Another of Canada's senior military officers has stepped aside because of a sex scandal, Vice Admiral Haydn Edmundson, who a female sailor said raped her, according to CBC's Power and Politics. This further demonstrates the systemic nature of sexual misconduct in the senior military. Furthermore, Edmundson was in charge of military personnel, giving him the power to discipline anyone who brought a sexual complaint forward.

Although the woman wants an independent police investigation because she doesn't trust military investigations, there will be a military investigation despite the failure of the military to deal with other major sex scandals in 1998 and 2014. Edmundson, himself, had already been investigated over allegations of sexual misconduct with female sailors in the late 1990s without facing any discipline.

Liberal Defence Minister Sajjan has not shown any willingness to deal with the situation effectively. 

Another top Canadian military officer is under police investigation after a former member of the navy alleged she was sexually assaulted on board a supply ship. Vice Admiral Haydn Edmundson has temporarily left his job as commander of Military Personnel Command in Ottawa. He is under investigation by the Canadian Forces National Investigation Service, the Department of National Defence confirmed Wednesday.

The CFNIS began the investigation into Edmundson after CBC News notified the DND that it was about to release a story featuring on-the-record remarks by the woman who alleged she was sexually assaulted by Edmunston onboard HMCS Provider in November 1991. At the time the woman was a 19-year-old member of the Canadian navy. She told CBC she didn’t originally report the assault because she was afraid to speak up against the third-highest ranking officer on the ship. She described to the CBC a pervasive culture of silence surrounding sexual misconduct, a lack of support from the military’s chain of command and fear of career reprisals. ...

Edmundson has denied the allegations. ...

Over the last several months, the Canadian Forces has been rocked by allegations of sexual misconduct by its top leaders. Chief of the Defence Staff Adm. Art McDonald voluntary stepped down Feb. 24 from that job after being put under military police investigation. The admiral had only been in the job since Jan. 14. McDonald has declined to comment. Former Chief of the Defence Staff Gen. Jon Vance is also under military police investigation over allegations of sexual misconduct. He has said he did nothing wrong.

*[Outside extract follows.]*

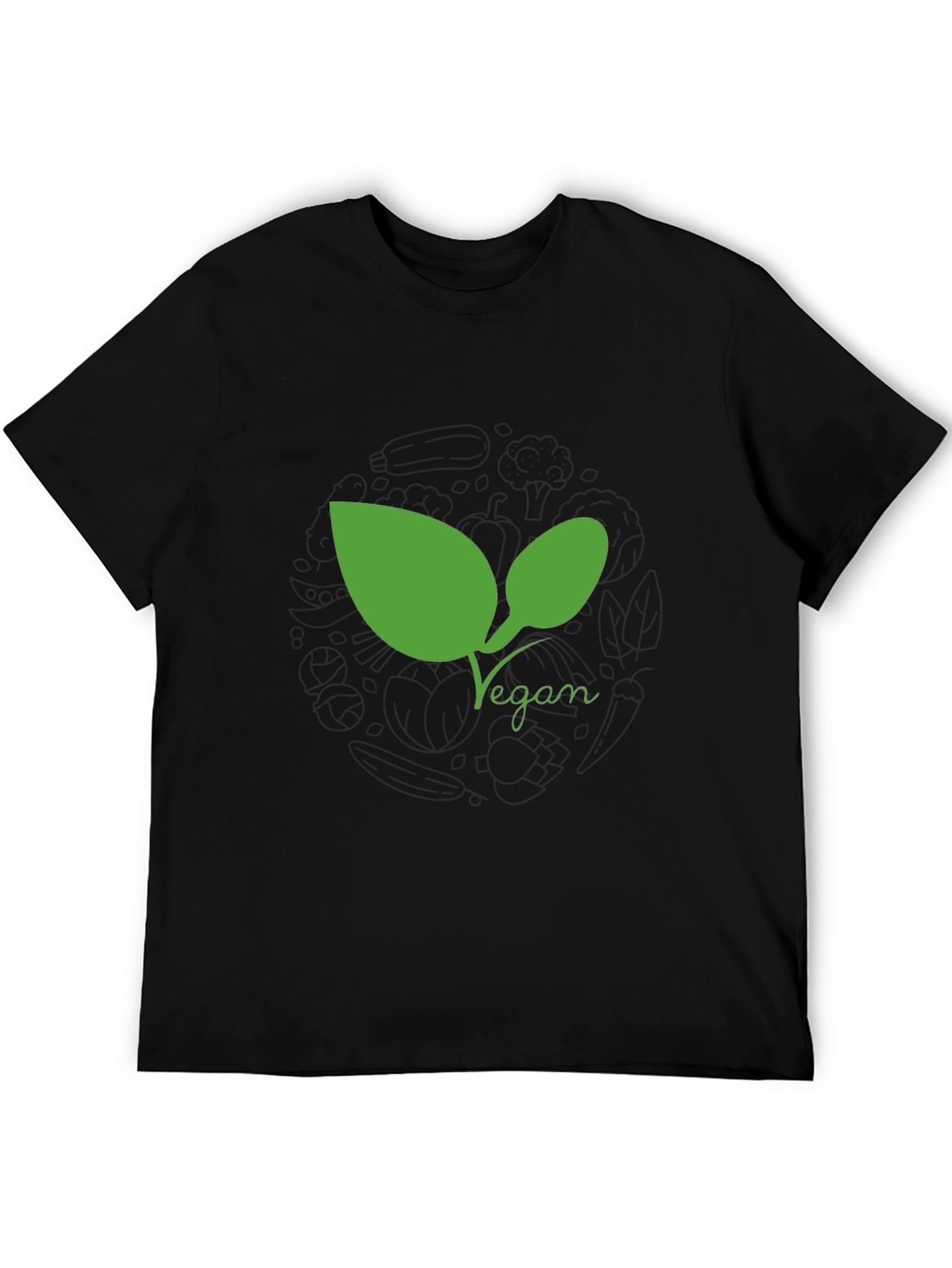 Vegan Leaf Graphic Tee - Black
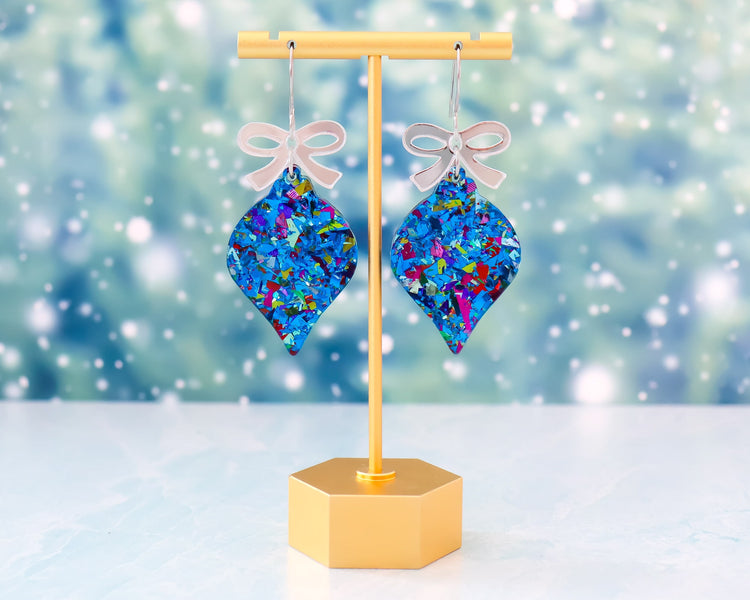 Blue Glitter Christmas Ornament Earrings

Two House of Commons committees are looking into the issue of sexual misconduct in the military, and the Liberal government have promised changes.

The Canadian Forces has faced previous sex scandals in 1998 and 2014, but its leadership successfully fought against attempts to impose independent oversight on the military justice and police system, which critics say punishes the victims and protects sexual predators.

Military police, and not a civilian police force, will investigate the alleged sexual assault involving Edmundson. “As the allegations are reported to have taken place onboard a Royal Canadian Navy ship outside of Canada, the Acting Chief of the Defence Staff Wayne Eyre has referred the matter to the CFNIS,” the Canadian Forces statement noted. ...

The Canadian Forces National Investigation Service looks into serious allegations involving military personnel, but there has been criticism of its past performance and concerns that it is not independent. The CFNIS ultimately reports to the chief of the defence staff. ...

Some military members have been reluctant to report sexual misconduct and assaults to the CFNIS because of the perception it is not independent of senior leadership.

The alleged victim has told CBC she wants an independent investigation because she doesn’t trust the military to properly investigate and prosecute her case.

The CBC reported on March 9 that Edmundson was investigated over allegations of inappropriate behaviour with female subordinates in the late 1990s. The claims against him dated back to when he was a lieutenant-commander overseeing training at the naval officer training centre in Esquimalt, B.C.